InstallationΒΆ

  1. Create a virtual environment with Python 3.11 or later. This example uses the venv module in the standard library to create a virtual environment in your home directory.

    You may prefer conda or mamba.

    If you are running on an HPC, you may need to module load python first.

    $ python -m venv ~/python-envs/sparkctl
    
  2. Activate the virtual environment.

    $ source ~/python-envs/sparkctl/bin/activate
    

    Whenever you are done using sparkctl, you can deactivate the environment by running deactivate.

  3. Install the Python package sparkctl.

    If you will be using Spark Connect to run Spark jobs, the base installation is sufficient.

    Note

    This does not include spark-submit or pyspark.

    $ pip install sparkctl
    

    If you will be running Spark jobs with spark-submit or pyspark, you will need to install the full pyspark package. This command will do that:

    $ pip install sparkctl[pyspark]
    
  4. Optional, install from the main branch (or substitute another branch or tag).

    $ pip install git+https://github.com/NREL/sparkctl.git@main
    
  5. Create a one-time sparkctl default configuration file. The parameters will vary based on your environment. If no one has deployed the required dependencies in your environment, please refer to Deploy sparkctl in an HPC environment.
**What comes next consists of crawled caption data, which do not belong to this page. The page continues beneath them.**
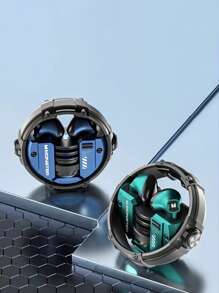 Earbud Gaming Nirkabel Desain Roda - Hijau - View 5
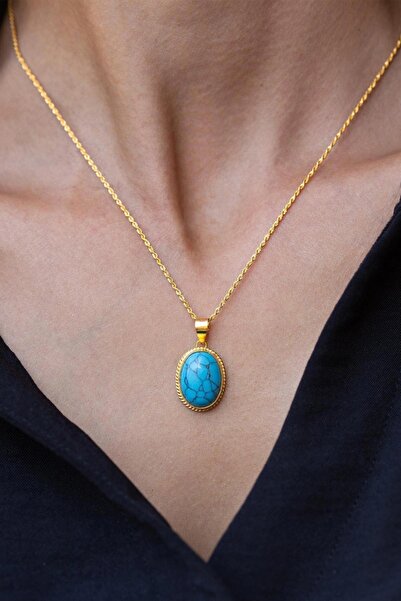 Bayar Gold 14 Ayar Altın Firuze Kolye Damarlı Meftüllü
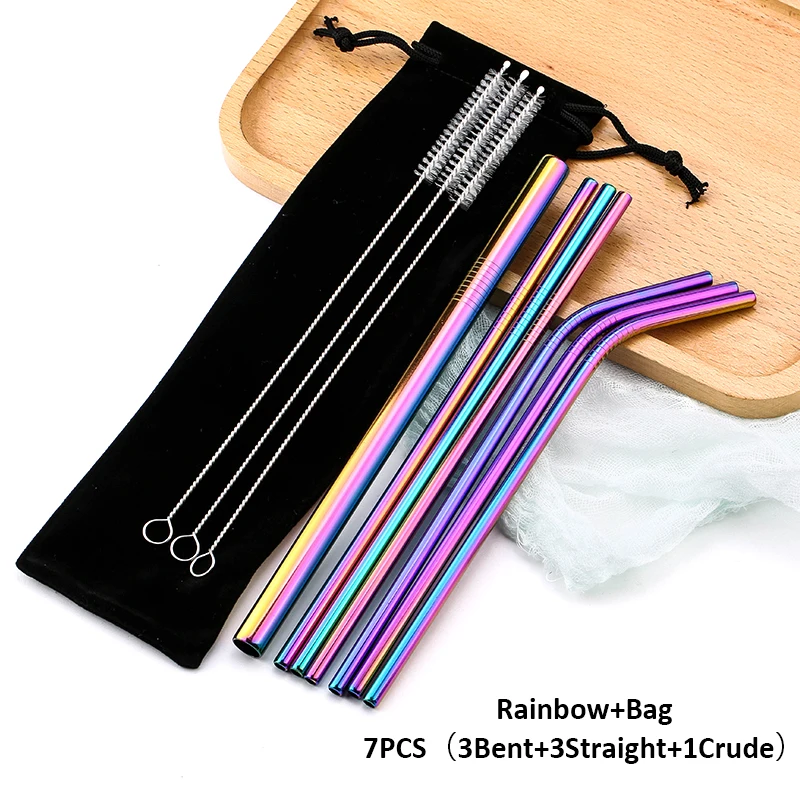 16 Rainbow Bag Многоразовые металлические трубочки для питья 304 нержавеющая сталь прочная изогнутая прямая соломинка для напитков с чистящей щеткой вечерние аксессуары - Цвет: 16 Rainbow Bag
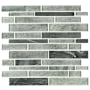 Ackland 12" x 12" Glass and Marble and Metal and Porcelain and Stone Linear Wall Mosaic Tile - Glossy and Tumbled Visual - Sold by Carton (14.7 SF/Carton) Gris Metro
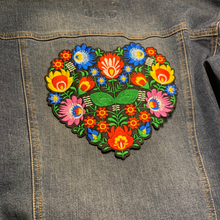 Load image into Gallery viewer, Mexican-style embroidered heart patch adds charm to your jackets, quilts, totes, and craft projects. Measuring a generous 7.75&quot; x 7&quot;, it&#39;s a statement piece perfect for those who appreciate intricate, handcrafted details. Iron or sew on.
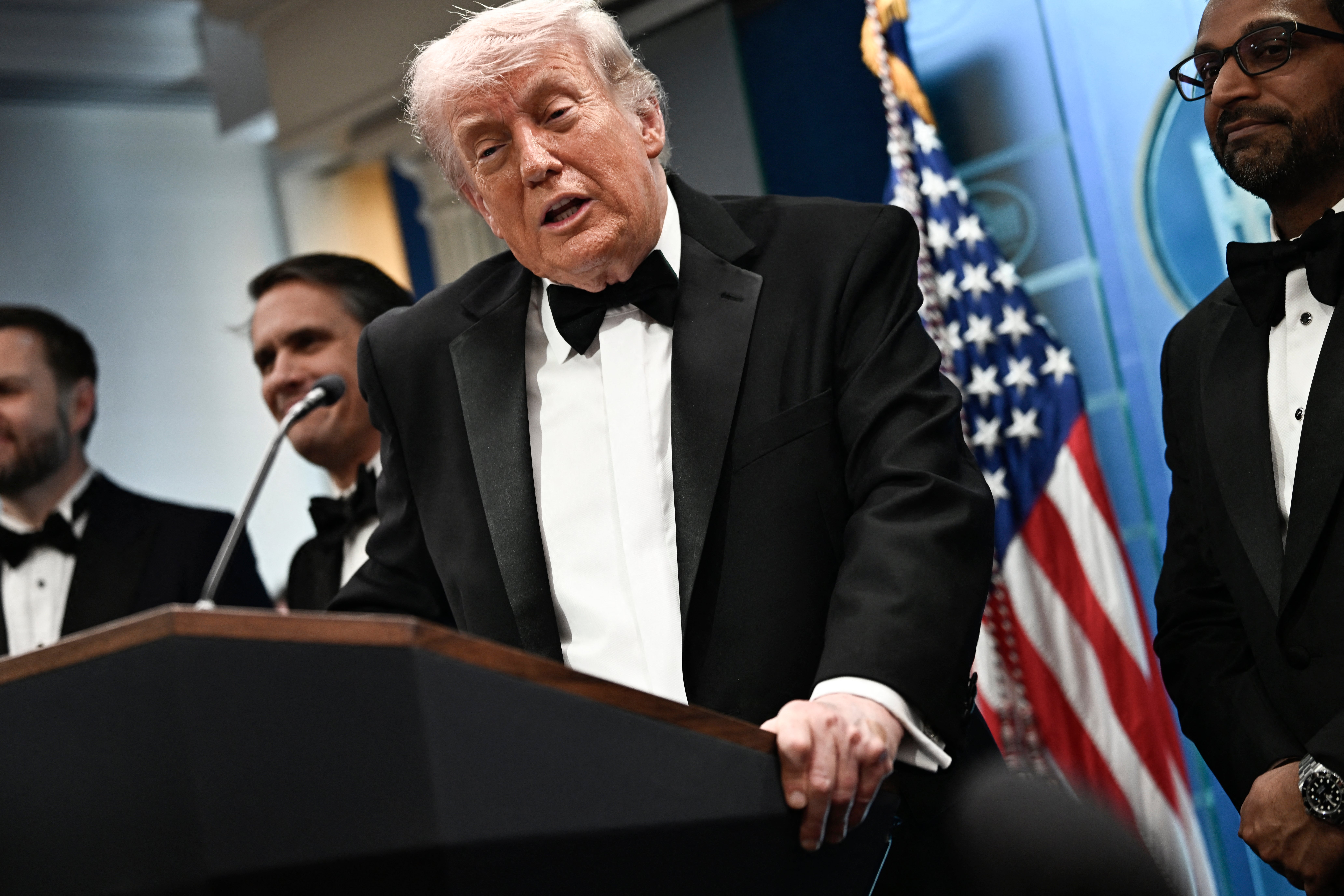 Trump, pictured at the dinner on 25 April, said he was likely the target of the attack
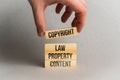 Concept copyright and intellectual property on wooden blocks.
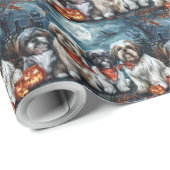 Papier Cadeau Shih Tzu Halloween Éffrayant (Coin rond)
    $ sparkctl default-config \
        /datasets/images/apache_spark/spark-4.0.0-bin-hadoop3 \
        /datasets/images/apache_spark/jdk-21.0.7 \
        --compute-environment slurm
    
    Wrote sparkctl settings to /Users/dthom/.sparkctl.toml
    

    Refer to sparkctl default-config --help for additional options.

    The paths to the Spark binaries will likely not change often. This file will also seed the default values for your sparkctl configure commands, and so you may want to manually edit those settings.